Don't get suckered into giving them a deposit thinking you will get a phone , YOU WILL NOT. I have no Idea how they deal with refunding a deposit so I'm not speaking on that .

Edit : Maybe my wording was a bit harsh . "deliberate lie" might be strong , even if that is my opinion . They made up prices for the Verizon variants of this phone based on the Sprint and AT&T prices , as there are no prices on their system for the Verizon s3. I stand by my statement about the buy back program lie however.


----------



## 0195311 (Jul 14, 2011)

I pre ordered mine through BB and was told $199.99 for the 16 gig version, and my receipt says that I have 72 hours from the time I am notified of availability to pick up and pay for my reserved phone in the store. Otherwise they are free to sell the phone to another customer. The only thing I would be wary of with BB is the possibility of losing your unlimited data plan if VZ comes out with shared data before the phone launches, which you can safeguard against by pre ordering with VZ. I Just had a $50 discount from a promo for a phone upgrade through BB so I decided to chance it with them.


----------



## acras (Jan 10, 2012)

0195311 said:


> I pre ordered mine through BB and was told $199.99 for the 16 gig version, and my receipt says that I have 72 hours from the time I am notified of availability to pick up and pay for my reserved phone in the store. Otherwise they are free to sell the phone to another customer. The only thing I would be wary of with BB is the possibility of losing your unlimited data plan if VZ comes out with shared data before the phone launches, which you can safeguard against by pre ordering with VZ. I Just had a $50 discount from a promo for a phone upgrade through BB so I decided to chance it with them.
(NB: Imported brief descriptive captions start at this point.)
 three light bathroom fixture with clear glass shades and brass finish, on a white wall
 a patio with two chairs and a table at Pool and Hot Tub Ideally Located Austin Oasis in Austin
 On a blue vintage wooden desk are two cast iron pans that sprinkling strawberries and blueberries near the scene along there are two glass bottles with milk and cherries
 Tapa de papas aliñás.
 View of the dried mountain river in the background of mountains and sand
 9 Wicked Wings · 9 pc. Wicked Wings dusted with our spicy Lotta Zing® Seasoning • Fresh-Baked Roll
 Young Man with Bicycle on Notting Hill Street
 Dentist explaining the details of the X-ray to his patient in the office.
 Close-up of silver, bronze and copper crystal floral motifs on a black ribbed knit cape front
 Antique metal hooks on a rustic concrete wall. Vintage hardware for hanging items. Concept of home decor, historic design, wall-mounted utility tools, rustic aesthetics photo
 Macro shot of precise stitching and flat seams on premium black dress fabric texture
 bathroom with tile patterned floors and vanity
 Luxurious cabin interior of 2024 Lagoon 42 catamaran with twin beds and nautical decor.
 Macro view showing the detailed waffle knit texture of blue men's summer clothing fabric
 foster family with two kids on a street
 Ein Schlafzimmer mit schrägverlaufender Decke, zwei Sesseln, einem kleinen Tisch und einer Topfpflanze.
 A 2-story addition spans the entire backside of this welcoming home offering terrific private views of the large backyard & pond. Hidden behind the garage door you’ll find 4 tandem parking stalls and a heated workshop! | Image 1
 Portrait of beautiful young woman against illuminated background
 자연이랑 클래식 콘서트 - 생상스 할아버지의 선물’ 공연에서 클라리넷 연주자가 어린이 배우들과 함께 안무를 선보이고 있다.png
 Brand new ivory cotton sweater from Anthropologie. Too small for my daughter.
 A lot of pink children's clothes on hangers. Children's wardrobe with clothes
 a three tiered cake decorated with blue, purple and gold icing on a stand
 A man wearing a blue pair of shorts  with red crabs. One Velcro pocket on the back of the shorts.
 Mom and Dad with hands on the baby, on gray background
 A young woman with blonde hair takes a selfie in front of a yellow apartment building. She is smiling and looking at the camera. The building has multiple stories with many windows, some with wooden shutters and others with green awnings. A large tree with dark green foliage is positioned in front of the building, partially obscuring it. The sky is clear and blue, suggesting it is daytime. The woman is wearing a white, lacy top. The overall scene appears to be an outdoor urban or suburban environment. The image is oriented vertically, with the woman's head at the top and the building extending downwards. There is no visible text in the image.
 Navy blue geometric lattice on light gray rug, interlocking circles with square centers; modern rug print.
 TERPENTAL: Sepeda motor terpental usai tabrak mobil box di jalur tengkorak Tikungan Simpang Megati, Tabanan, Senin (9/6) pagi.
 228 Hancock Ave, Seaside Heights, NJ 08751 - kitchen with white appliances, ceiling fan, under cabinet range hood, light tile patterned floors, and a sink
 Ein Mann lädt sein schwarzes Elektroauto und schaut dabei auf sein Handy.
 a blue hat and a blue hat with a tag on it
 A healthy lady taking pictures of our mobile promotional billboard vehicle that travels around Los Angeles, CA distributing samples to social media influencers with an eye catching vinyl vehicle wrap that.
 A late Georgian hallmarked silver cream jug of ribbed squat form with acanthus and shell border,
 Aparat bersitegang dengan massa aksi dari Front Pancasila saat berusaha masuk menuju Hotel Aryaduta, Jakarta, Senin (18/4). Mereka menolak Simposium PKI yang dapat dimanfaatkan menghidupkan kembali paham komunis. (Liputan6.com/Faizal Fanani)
Did you pre order in store ? If so then you didn't pre order anything according to customer service supervisor when I called their 800 number. Like I said , two stores were willing to take my money , but since corporate says that they are not taking pre orders for the verizon version , unless the supervisor lied to me , you will be sadly disappointed when the phone comes out .
Did they give you prices on the two different models , or just say that they thought it would be $xxx ? the stores I contacted guessed that it would be $199 , they didn't know there were two different sizes , because they can only pull up info on the att and sprint pre sales.


----------



## 0195311 (Jul 14, 2011)

I don't know who you talked to, but honestly it could just be an issue of semantics. I just got off the phone with a Best Buy mobile customer service rep about an unrelated question, but he confirmed that everything was fine with the Verizon SIII reservations. Perhaps the person you talked to was only hesitant to call it a "pre-order" because you are not actually buying the phone, and you are not guaranteed to have a phone available unless you go to the store and pick it up yourself. In that sense it's more of a reservation. It's just too hard to believe that Best Buy would be trying to pull off some grandiose scam... it wouldn't be a very good business model in the long term. If you're still concerned you should just call and talk to somebody else. You can't expect every rep to be completely knowledgeable, especially when they're selling like 16 different versions of the phone you're asking about.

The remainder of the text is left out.